Presidente chegou a anunciar resultados, mas se recusou a mostrar
documentos por dois meses.
Laudos entregues pelo governo ao
Supremo Tribunal Federal (STF) indicam que o presidente Jair Bolsonaro teve
resultado negativo nos exames para o novo coronavírus. Os exames foram abertos
ao público nesta quarta-feira (13).
Antes, o presidente já tinha
anunciado os resultados negativos em redes sociais, mas se recusava a mostrar
os laudos em si.
Os três exames usaram o método
PCR, considerado mais eficaz porque rastreia o material genético do
coronavírus. Ele identifica bem a Covid-19 a partir dos primeiros três dias de
sintomas – diferentemente do teste rápido, que tem eficácia maior após o 10º
dia de sintomas.
Segundo ofícios anexados pela AGU
no Supremo, foram utilizados nos laudos
nomes de terceiros para preservação da
imagem e privacidade do presidente da República e por questões de segurança. O
CPF e a data de nascimento nos papéis são, de fato, de Bolsonaro.
"Para a realização dos
exames foram utilizados no cadastro junto ao laboratório conveniado Sabin os
nomes fictícios Airton Guedes e Rafael Augusto Alves da Costa Ferraz, sendo
preservados todos dados pessoais de registro civil junto aos órgãos
oficiais", afirma o ofício do Comandante Logístico do Hospital das Forças
Armadas, Rui Yutaka Matsuda.
O processo chegou ao Supremo
Tribunal Federal e, na noite desta terça (12), a Advocacia-Geral da União (AGU)

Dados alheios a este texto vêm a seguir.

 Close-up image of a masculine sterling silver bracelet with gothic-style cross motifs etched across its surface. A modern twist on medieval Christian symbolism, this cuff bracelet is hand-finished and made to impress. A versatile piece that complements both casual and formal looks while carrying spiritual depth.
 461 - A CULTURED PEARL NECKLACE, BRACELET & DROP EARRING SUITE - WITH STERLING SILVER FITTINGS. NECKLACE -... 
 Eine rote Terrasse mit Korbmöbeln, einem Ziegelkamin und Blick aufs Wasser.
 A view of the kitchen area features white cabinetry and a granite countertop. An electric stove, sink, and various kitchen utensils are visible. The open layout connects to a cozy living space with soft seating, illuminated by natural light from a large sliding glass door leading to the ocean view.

forneceu os laudos ao ministro relator, Ricardo Lewandowski. Os papéis foram
mantidos em envelope lacrado e, no início da tarde, Lewandowski determinou a inclusão
nos autos, sem sigilo.
"Determino a juntada aos
autos eletrônicos de todos os laudos e documentos entregues pela União em meu
gabinete, aos quais se dará ampla publicidade", afirmou o ministro na
decisão.
A ação movida pelo
"Estadão" foi marcada por idas e vindas. O jornal chegou a receber
decisões favoráveis, com a determinação de que o exame fosse entregue em 48
horas, mas o governo conseguiu reverter a ordem no Tribunal Regional Federal da
3ª Região (TRF-3).
O jornal recorreu, então, ao
Supremo. Nesta terça, a AGU decidiu entregar os laudos antes mesmo de uma decisão
do ministro Lewandowski.
Confira, abaixo, os detalhes de
cada teste apresentado pelo governo ao STF.
Primeiro exame
- Data: 12 de março
- Nome: Airton Guedes
- Método: RT-PCR Tempo Real
- Resultado: negativo
- Processamento: laboratório privado
O laudo mais "antigo"
entregue ao STF indica que a primeira amostra foi coletada em 12 de março por
uma equipe do Hospital das Forças Armadas. O resultado foi liberado às 13h47 do
dia seguinte.
O documento mostra o nome Airton
Guedes – um codinome, segundo o governo. O CPF e a data de nascimento conferem com
os dados de Jair Bolsonaro.
O teste foi feito pelo método
PCR, considerado mais preciso porque detecta o material genético do
coronavírus. O ideal é realizar esse exame de 3 a 7 dias após o primeiro
sintoma, ou após o contato com alguém contaminado.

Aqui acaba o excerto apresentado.